In the records below, find the line with "Set of 4 blue" and repeat exactly every line from it through the line with "Buy Natural Dyed". Pictures stay out.

[DATA FOR ANALYSIS]:

::::::::::

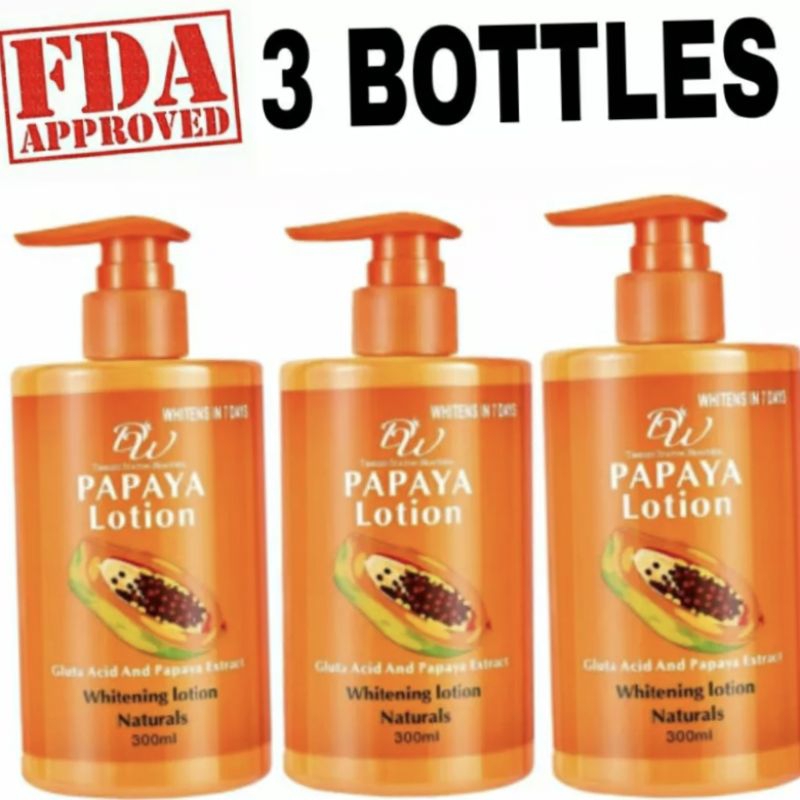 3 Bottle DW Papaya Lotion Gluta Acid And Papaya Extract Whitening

::::::::::

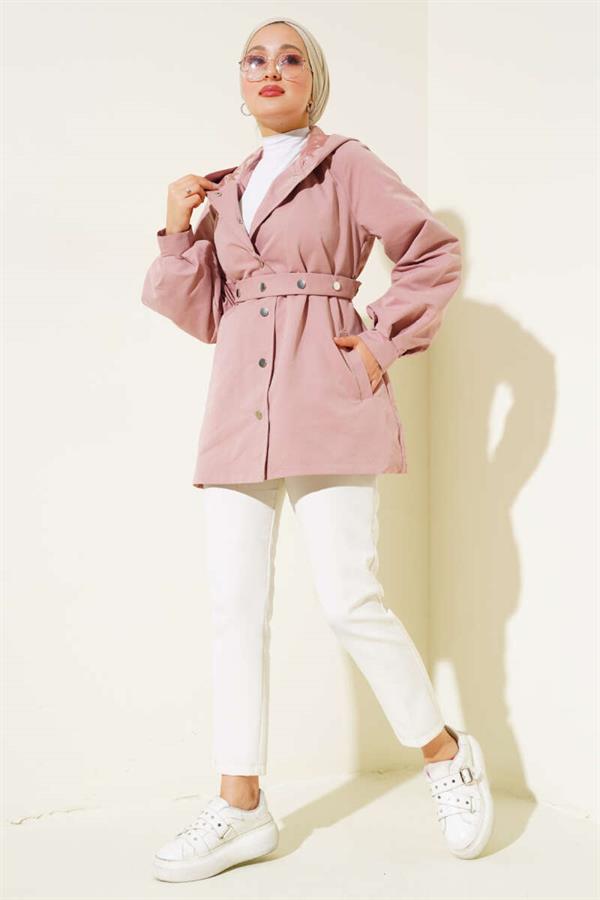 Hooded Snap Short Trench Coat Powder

::::::::::

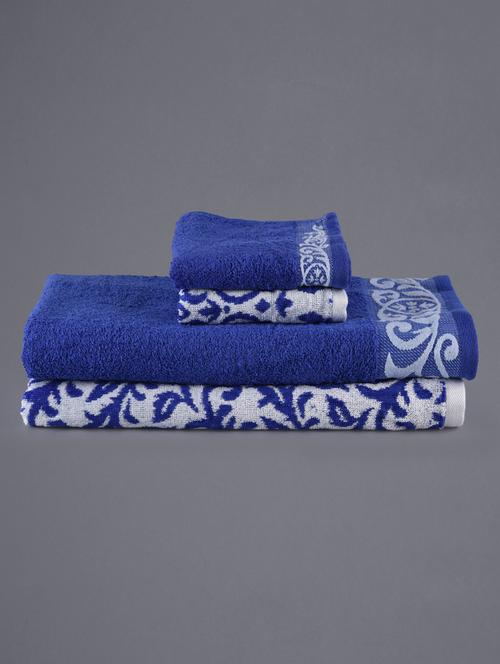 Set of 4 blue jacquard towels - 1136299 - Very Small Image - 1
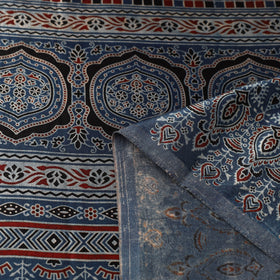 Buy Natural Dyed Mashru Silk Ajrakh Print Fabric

::::::::::

[ANSWER TO THIS PROBLEM]:
 Set of 4 blue jacquard towels - 1136299 - Very Small Image - 1
 Buy Natural Dyed Mashru Silk Ajrakh Print Fabric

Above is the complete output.